Daniel Kokotajlo 25 Oct 2021 22:07 UTC
4 points
What do you think about the failure mode described here? In particular, (a) how would you go about deciding whether politicians and CEOs inspired by your paper will decrease, or increase, the pressure on AIs to believe false things (and thus become epistemically broken fanatics/ideologues) and/or lie about what they believe? And (b) how would you go about weighing the benefits and costs of increased trust in AI systems?
- owencb 27 Oct 2021 11:23 UTC
  4 points
  Parent
  To add to what Owain said:
  - I think you’re pointing to a real and harmful possible dynamic
  - However I’m generally a bit sceptical of arguments of the form “we shouldn’t try to fix problem X because then people will get complacent”
    I think that the burden of proof lies squarely with the “don’t fix problem X” side, and that usually it’s good to fix the problem and then also give attention to the secondary problem that’s come up
  - I note that I don’t think of politicians and CEOs to be the primary audience of our paper
    Rather I think in the next several years such people will naturally start having more of their attention drawn to AI falsehoods (as these become a real-world issue), and start looking for what to do about it
    I think that at that point it would be good if the people they turn to are better informed about the possible dynamics and tradeoffs. I would like these people to have read work which builds upon what’s in our paper. It’s these further researchers (across a few fields) that I regard as the primary audience for our paper.

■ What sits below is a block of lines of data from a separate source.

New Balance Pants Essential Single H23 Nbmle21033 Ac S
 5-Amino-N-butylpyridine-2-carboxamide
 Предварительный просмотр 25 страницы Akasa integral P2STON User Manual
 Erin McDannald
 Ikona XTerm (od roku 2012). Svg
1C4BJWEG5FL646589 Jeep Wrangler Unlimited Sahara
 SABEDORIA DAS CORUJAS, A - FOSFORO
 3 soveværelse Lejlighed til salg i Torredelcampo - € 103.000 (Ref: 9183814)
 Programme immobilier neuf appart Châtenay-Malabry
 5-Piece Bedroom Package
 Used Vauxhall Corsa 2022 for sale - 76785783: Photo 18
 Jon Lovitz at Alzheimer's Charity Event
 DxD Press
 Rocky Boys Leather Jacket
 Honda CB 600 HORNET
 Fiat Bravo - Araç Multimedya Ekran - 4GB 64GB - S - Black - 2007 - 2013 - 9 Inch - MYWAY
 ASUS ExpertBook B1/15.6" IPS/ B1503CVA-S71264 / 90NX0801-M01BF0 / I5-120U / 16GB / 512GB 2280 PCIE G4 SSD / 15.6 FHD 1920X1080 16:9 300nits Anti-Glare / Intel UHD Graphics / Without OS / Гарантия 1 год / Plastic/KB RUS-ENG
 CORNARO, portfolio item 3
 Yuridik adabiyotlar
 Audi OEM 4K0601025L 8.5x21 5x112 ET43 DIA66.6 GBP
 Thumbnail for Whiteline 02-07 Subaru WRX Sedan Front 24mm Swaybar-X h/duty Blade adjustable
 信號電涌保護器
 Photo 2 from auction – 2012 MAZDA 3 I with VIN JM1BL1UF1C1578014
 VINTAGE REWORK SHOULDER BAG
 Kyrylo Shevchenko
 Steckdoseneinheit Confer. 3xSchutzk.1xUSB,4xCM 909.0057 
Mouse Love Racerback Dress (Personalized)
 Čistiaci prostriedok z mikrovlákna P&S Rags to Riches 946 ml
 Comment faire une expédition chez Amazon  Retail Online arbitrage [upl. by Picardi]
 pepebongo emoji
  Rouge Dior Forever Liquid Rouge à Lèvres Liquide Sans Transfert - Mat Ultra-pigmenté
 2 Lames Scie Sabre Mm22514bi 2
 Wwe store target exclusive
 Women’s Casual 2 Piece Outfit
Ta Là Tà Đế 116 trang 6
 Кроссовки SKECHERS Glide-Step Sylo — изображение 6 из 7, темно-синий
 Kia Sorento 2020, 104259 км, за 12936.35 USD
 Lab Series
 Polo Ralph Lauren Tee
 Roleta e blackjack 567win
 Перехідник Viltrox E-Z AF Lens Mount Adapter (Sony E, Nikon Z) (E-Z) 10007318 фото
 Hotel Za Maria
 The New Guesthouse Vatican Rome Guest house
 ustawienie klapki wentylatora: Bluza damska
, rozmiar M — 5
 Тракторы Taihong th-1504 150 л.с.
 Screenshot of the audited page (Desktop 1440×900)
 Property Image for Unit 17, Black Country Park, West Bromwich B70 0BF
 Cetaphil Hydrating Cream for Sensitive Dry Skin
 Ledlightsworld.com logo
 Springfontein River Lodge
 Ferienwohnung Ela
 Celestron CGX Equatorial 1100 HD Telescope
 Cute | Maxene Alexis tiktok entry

  - Daniel Kokotajlo 27 Oct 2021 17:00 UTC
    2 points
    Parent
    This is very helpful, thanks! I now have a better understanding of what you are doing and basically endorse it. (FWIW, this is what I thought/hoped you were doing.)
- Owain_Evans 26 Oct 2021 14:03 UTC
  4 points
  Parent
  (This won’t address all parts of your questions.)
  You suggest that the default outcome is for governments and tech platforms to not regulate whether AI needs to be truthful. I think it’s plausible that the default outcome is some kind of regulation.
  Why to expect regulation?
  Suppose an AI system produces false statements that deceive a group of humans. Suppose also that the deception is novel in some way: e.g. the falsehoods are personalized to individuals, the content/style is novel, or the humans behind the AI didn’t intend any kind of deception. I think if this happens repeatedly, there will be some kind of regulation. This could be voluntary self-regulation from tech companies or normal regulation by governments. Regulation may be more likely if it’s harder to litigate using existing laws relating to (human) deception.
  Why expect AI to cause deception?
  You also suggest that in the default scenario AI systems say lots of obviously false things and most humans would learn to distrust them. So there’s little deception in the first place. I’m uncertain about this but your position seems overconfident. Some considerations:
  1. AI systems that generate wild and blatant falsehoods all the time are not very useful. For most applications, it’s more useful to have systems that are fairly truthful in discussing non-controversial topics. Even for controversial or uncertain topics, there’s pressure for systems to not stray far from the beliefs of the intended audience.
  2. I expect some people will find text/chat by AI systems compelling based on stylistic features. Style can be personalized to individual humans. For example, texts could be easy to read (“I understood every word without pausing once!”) and entertaining (“It was so witty that I just didn’t want to stop reading”). Texts can also use style to signal intelligence and expertise (“This writer is obviously a genius and so I took their views seriously”).
  3. Sometimes people won’t know whether it was an AI or human who generated the text. If there are tools for distinguishing, some people won’t use them and some won’t have enough tech savvy to use them well.
  4. There are humans (“charlatans”) who frequently say false and dubious things while having devoted followers. Not all human followers of charlatans are “fools” (to refer to your original question). AI charlatans would have the advantage of more experimentation. Human charlatans exploit social proof and AI charlatans could do the same (e.g. humans believe the claim X because they think other humans they like/trust believe X).
  - Daniel Kokotajlo 27 Oct 2021 16:58 UTC
    2 points
    Parent
    This is helpful, thanks!
    I agree that we should expect regulation by default. And so then maybe the question is: Is the regulation that would be inspired by Truthful AI better or worse than the default? Seems plausibly better to me, but mostly it seems not that different to me. What sort of regulation are you imagining would happen by default, and why would it be significantly worse?
    I also totally agree with your points 1 − 4.